Record extracts:

※

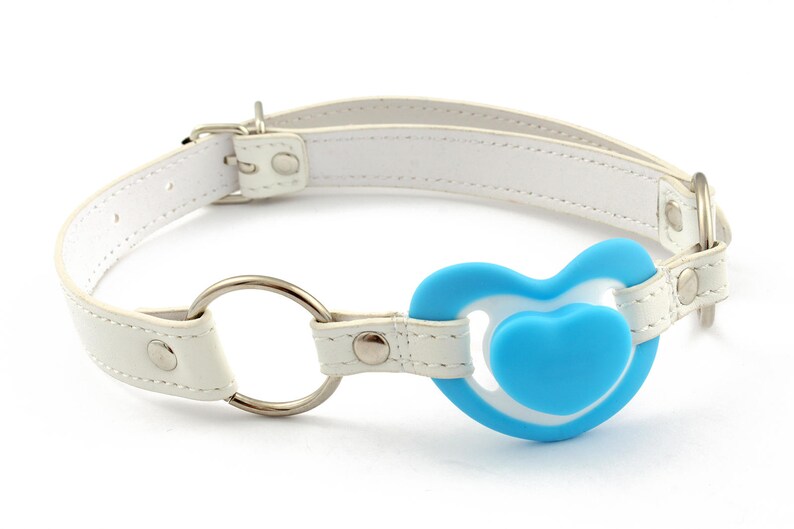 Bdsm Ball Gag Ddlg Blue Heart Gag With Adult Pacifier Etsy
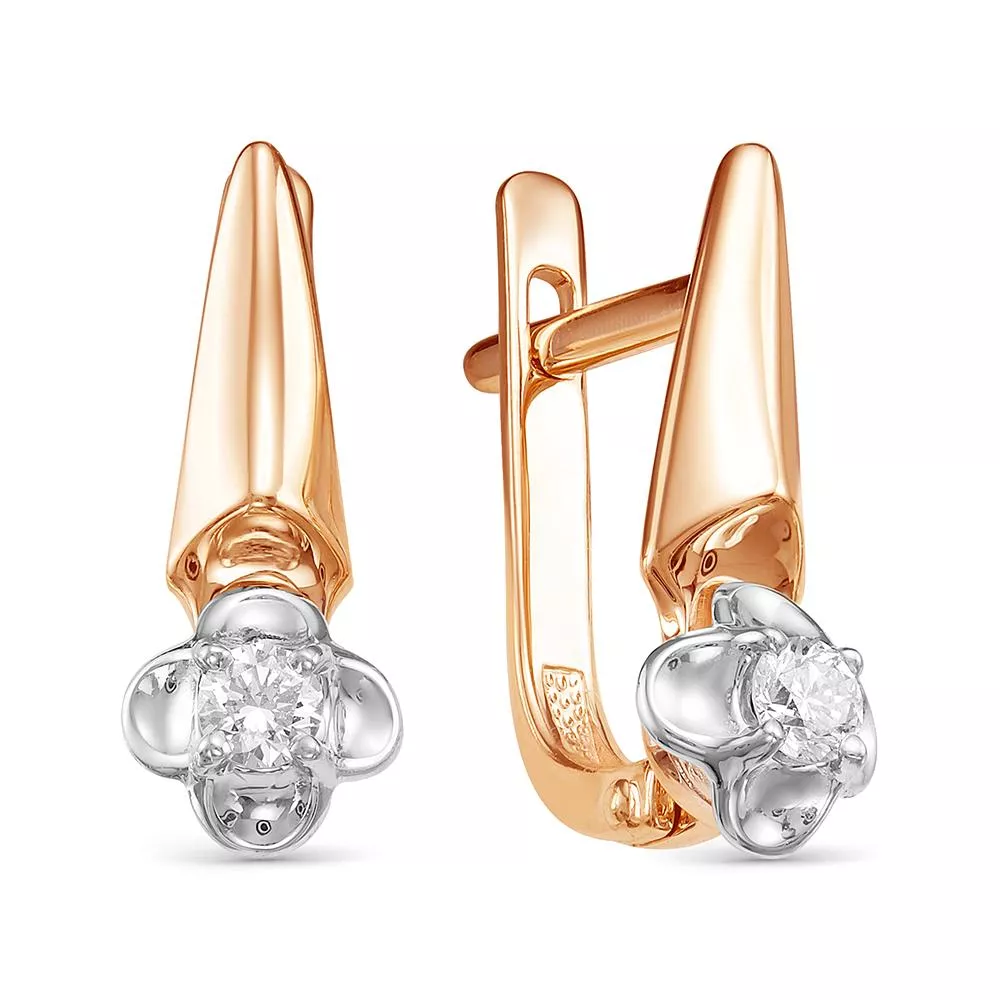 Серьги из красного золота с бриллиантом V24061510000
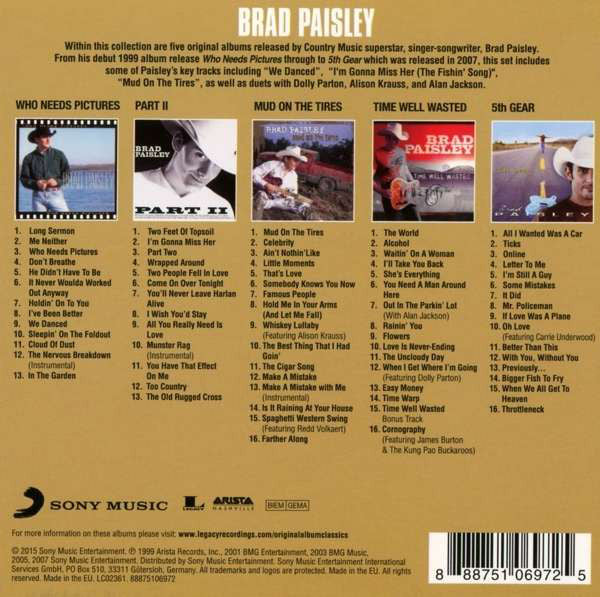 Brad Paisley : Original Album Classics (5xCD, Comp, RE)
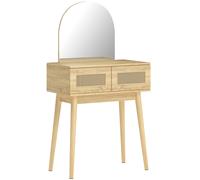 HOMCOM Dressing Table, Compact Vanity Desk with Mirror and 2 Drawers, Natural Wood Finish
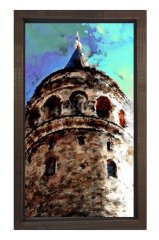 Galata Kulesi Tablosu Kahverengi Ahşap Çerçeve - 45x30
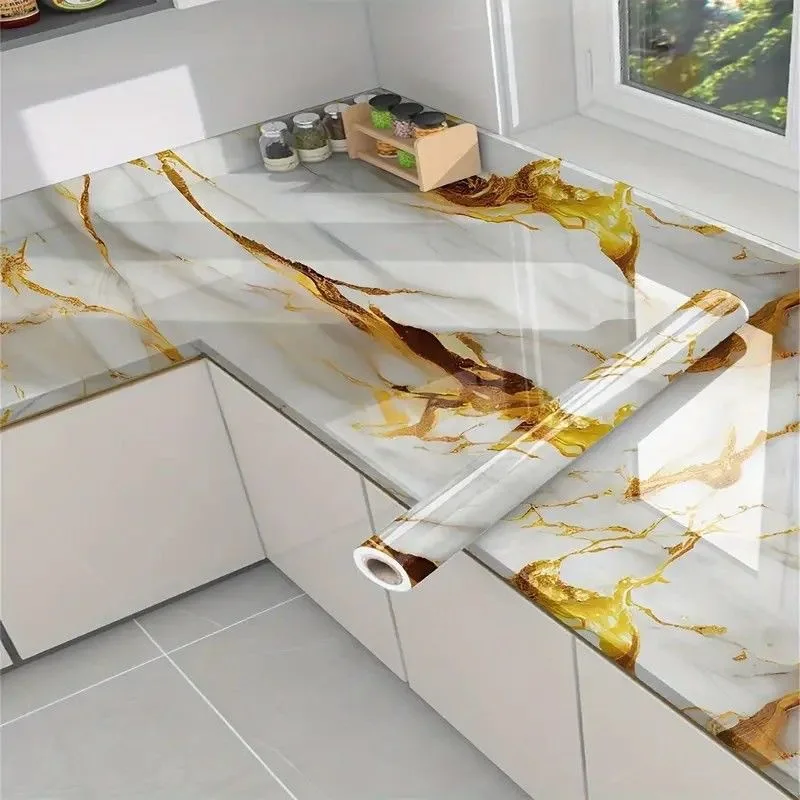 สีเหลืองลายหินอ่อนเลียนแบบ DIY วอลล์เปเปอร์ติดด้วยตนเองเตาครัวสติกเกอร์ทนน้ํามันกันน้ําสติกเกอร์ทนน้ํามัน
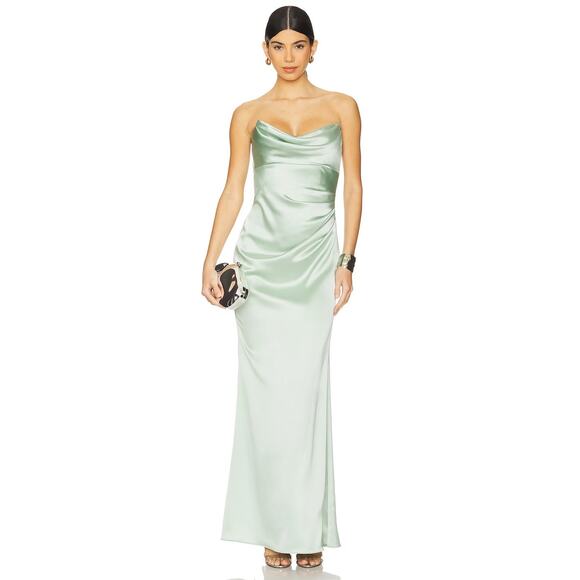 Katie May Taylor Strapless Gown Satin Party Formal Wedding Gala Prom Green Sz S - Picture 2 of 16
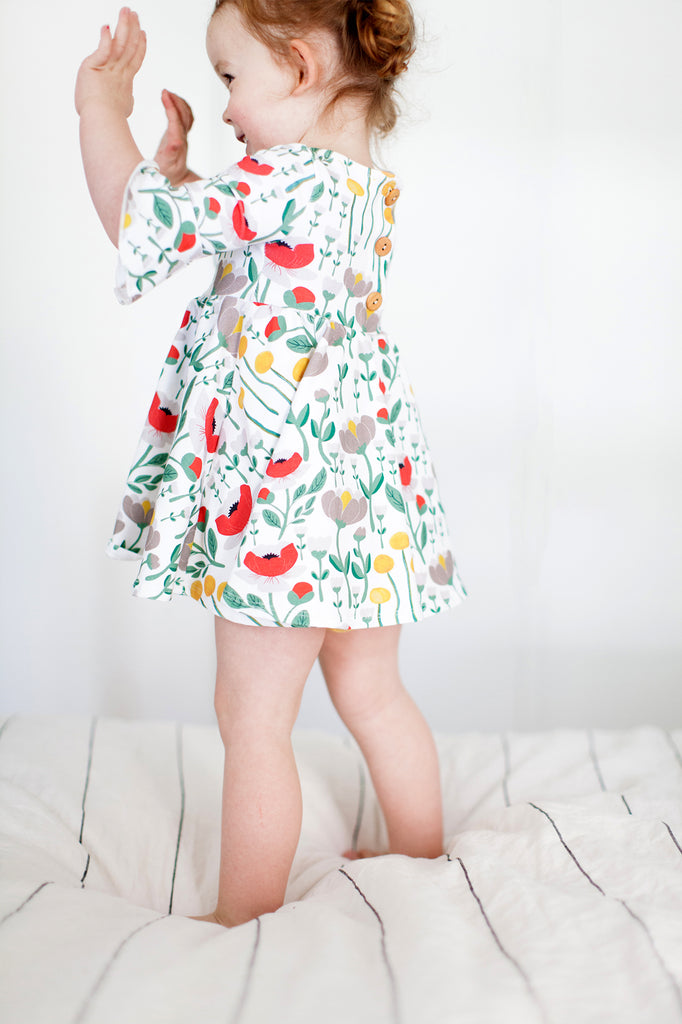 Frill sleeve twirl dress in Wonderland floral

※

Reproduce, word for word, only the lines in the records above from the line with "HOMCOM Dressing Table, Compact" through the line with "Katie May Taylor", including both ends; omit the pictures.

 HOMCOM Dressing Table, Compact Vanity Desk with Mirror and 2 Drawers, Natural Wood Finish
 Galata Kulesi Tablosu Kahverengi Ahşap Çerçeve - 45x30
 สีเหลืองลายหินอ่อนเลียนแบบ DIY วอลล์เปเปอร์ติดด้วยตนเองเตาครัวสติกเกอร์ทนน้ํามันกันน้ําสติกเกอร์ทนน้ํามัน
 Katie May Taylor Strapless Gown Satin Party Formal Wedding Gala Prom Green Sz S - Picture 2 of 16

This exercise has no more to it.